Arguments pertinents
1. Droit à l’échange du permis : Le tribunal a souligné que selon l'article R. 222-3 du Code de la route, un permis de conduire délivré par un État hors de l'Union européenne peut être échangé en France dans un délai d'un an après l'acquisition d’une nouvelle résidence normale.
> "Tout permis de conduire national, en cours de validité, délivré par un Etat ni membre de la Communauté européenne, ni partie à l'accord sur l'Espace économique européen, peut être reconnu en France jusqu'à l'expiration d'un délai d'un an après l'acquisition de la résidence normale de son titulaire."
2. Multiples périodes de résidence : La décision clarifie que plusieurs périodes de résidence normale en France, séparées par des séjours à l'étranger, permettent de redémarrer le délai d’un an pour demander l'échange du permis.
> "Considérant qu'il résulte de ce qui précède que... chacun de ces établissements sur le territoire national fait démarrer une période d'un an."
Interprétations et citations légales
1. Article R. 222-3 du Code de la route : Cet article établit les conditions de validité et d'échange des permis de conduire délivrés par des États hors de l'Union européenne.

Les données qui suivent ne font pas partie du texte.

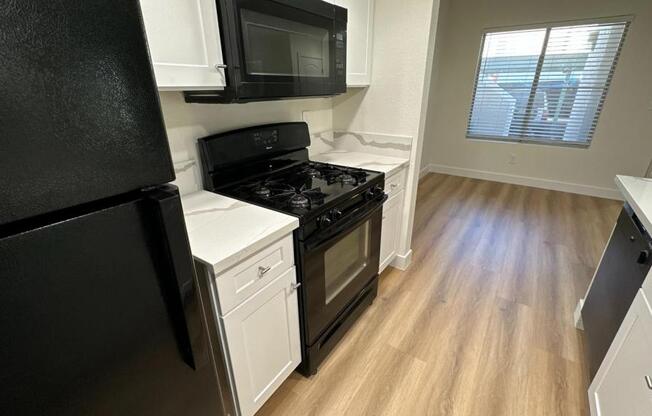 2 beds, 2 baths, 1,002 sqft, $1,500, Unit UNIT 1008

Il précise que tant que le conducteur a acquis une résidence normale, il peut demander l'échange de son permis, indépendamment des séjours précédents.
2. Arrêté du 12 janvier 2012 : Le I de l'article 5 fixe des conditions strictes pour l'échange du permis, notamment que le permis doit avoir été délivré lorsque le conducteur résidait normalement dans l'État émetteur, mais préserve la possibilité d’échanges pour les nouvelles résidences.
> "Pour être échangé contre un titre français, tout permis de conduire délivré par un Etat n'appartenant ni à l'Union européenne, ni à l'Espace économique européen doit... avoir été obtenu antérieurement à la date de début de validité du titre de séjour."
Cette interprétation permet de conclure que des séjours antérieurs n'entravent pas le droit de demander l'échange d'un permis si le demandeur a acquis une nouvelle résidence normale en France.
En résumé, la décision du tribunal souligne l'importance de la notion de résidence normale et clarifie le droit à l'échange du permis de conduire, soutenue par des dispositions du Code de la route et des arrêtés ministériels.